Jim Ogden is a man of many hats, as well as many mop heads, spatulas and early morning bus drives.
During his 30-year career with the South Whidbey School District Ogden, now 50, has done just about everything but teach. He has been a bus driver, a head cook, a custodian and a utility supervisor at Langley Middle School.
This month, he adds one more line to his resume as he becomes a retiree.
Ogden is perhaps the only person who can say he has spent the majority of his life in the Langley Middle School building. Before being hired to work at the school, he was a student and a 1971 graduate of Langley High School — the building that later became LMS.
He regrets not a minute.
“My life has centered around South Whidbey schools, first as a student then as an employee,” he said.
He even married his high school sweetheart, Debbie, just after graduation. The couple has three children, all graduates of South Whidbey schools. In addition, they took in 52 foster children over the years.
It was hardly a stretch for a man whose work involved kids every day for three decades.

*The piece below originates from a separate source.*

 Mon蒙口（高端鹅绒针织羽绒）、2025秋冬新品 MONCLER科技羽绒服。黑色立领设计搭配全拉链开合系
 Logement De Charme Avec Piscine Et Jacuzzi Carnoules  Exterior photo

“I’ve been around kids all my life,” Ogden said.
In the time he’s been working at the schools, Ogden has had a unique view of school life. He’s seen the way children behave over the years.

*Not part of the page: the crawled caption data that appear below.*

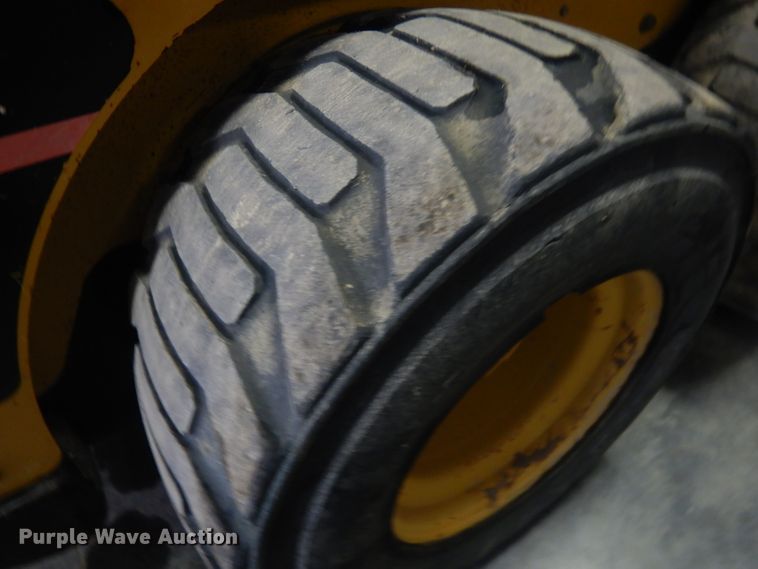 image for item DJ1250 2005 Caterpillar 226B  skid steer loader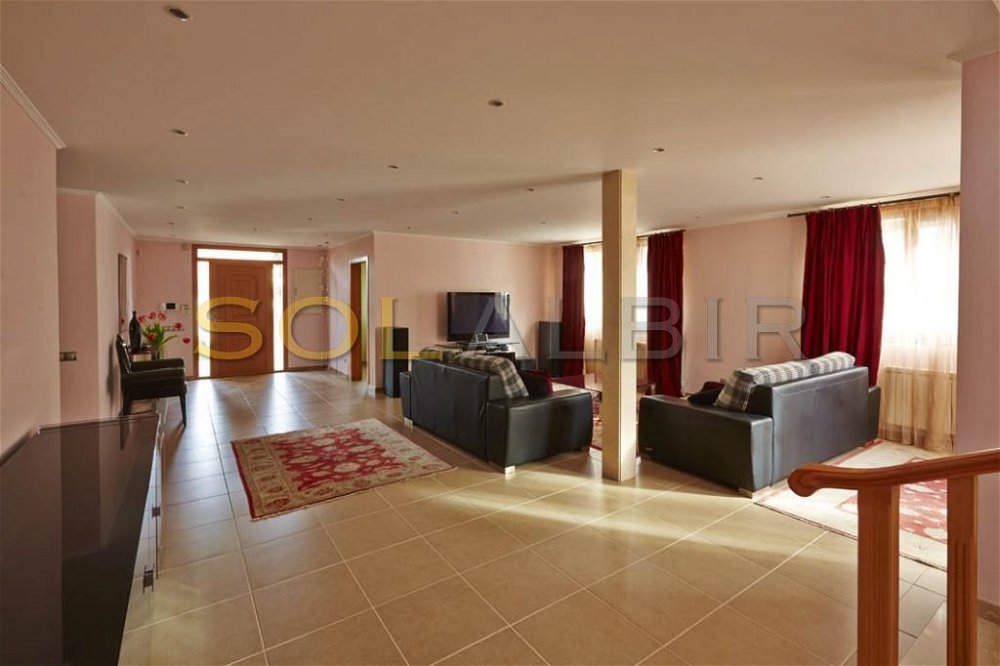 3 Bedrooms Villa in Albir 2349808137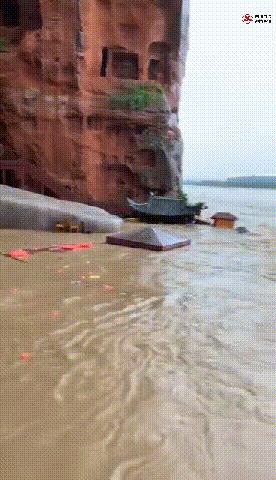 乐山大佛是因为洪水修建的吗,乐山大佛脚被水淹没奇观出现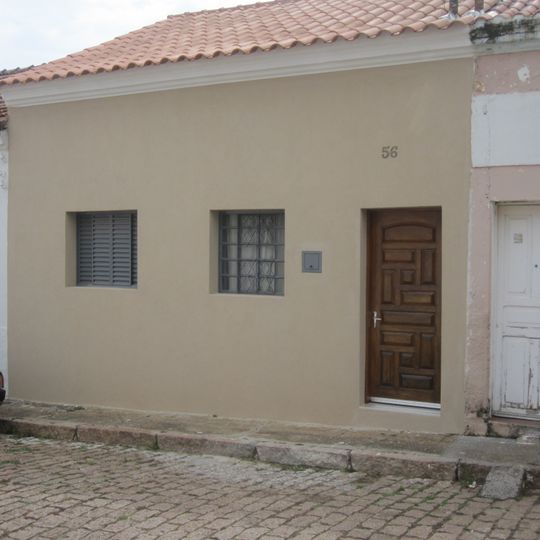 Building at Rua Gustavo Paula Leite, 56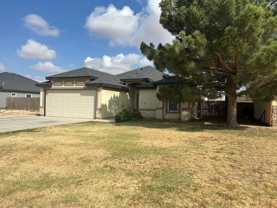 11608 W Catalpa St - Photo 1 of 1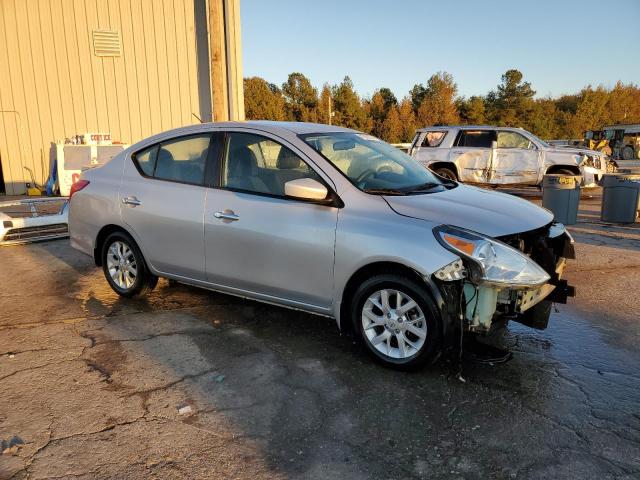  NISSAN VERSA 2016 Silver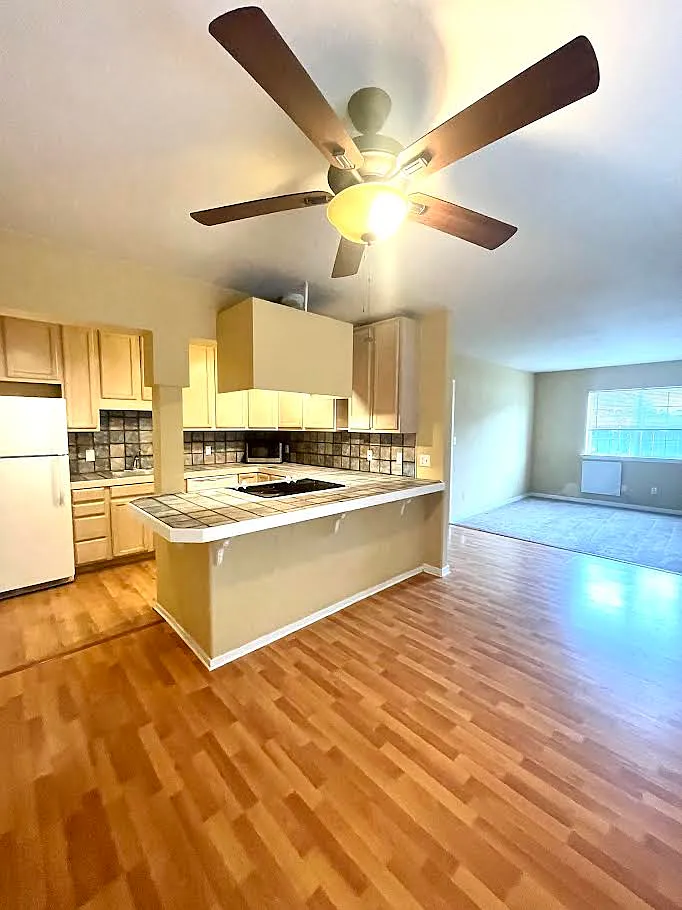 1 bed, 750 sqft, $3,000 — Photo 2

“They have more freedom now than when I first started working here,” he said. “But kids are still kids … they still pull fire alarms, throw food during lunch time, slam doors and carve their initials in desks.”

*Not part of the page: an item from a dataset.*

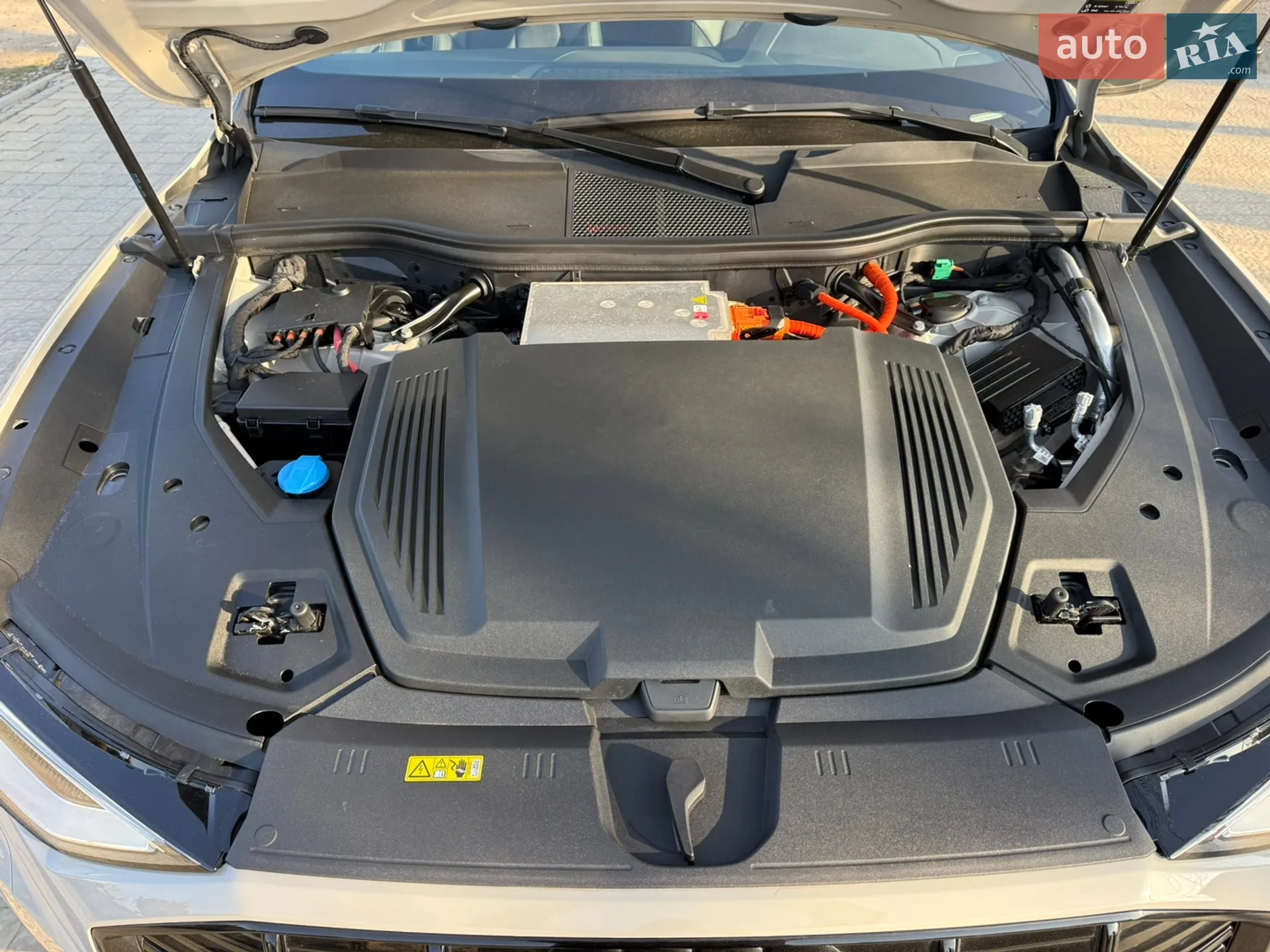 2019 Audi e-tron - мініатюра 10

Ogden — one of the longest-serving non-teaching employees in the South Whidbey district — is a walking, talking history book. He’s worked for seven superintendents and five principals. Dana Brown Gilroy was his favorite principal because “she was one those people that you worked with not for.”
Ogden is one of the founders of the Service Employees International Union that contracts with the school district. The first SEIU contract was signed between the district and non-teaching employees 30 years ago. Ogden is a senior shop steward for SEIU and over the decades has helped negotiate all the contracts and handled employee grievances.
“I know the contract inside and out,” he said.
During the 1970s, Ogden was a bus driver, then became the head cook for the food service program.
In 1980, he joined the night custodial staff at LMS. In 1988 he joined the utility crew.
Now as the utility supervisor, Ogden works behind the scenes.
“We do whatever it takes to make the day go, whether it’s performing light repairs, ordering supplies and handling some custodial chores,” he said.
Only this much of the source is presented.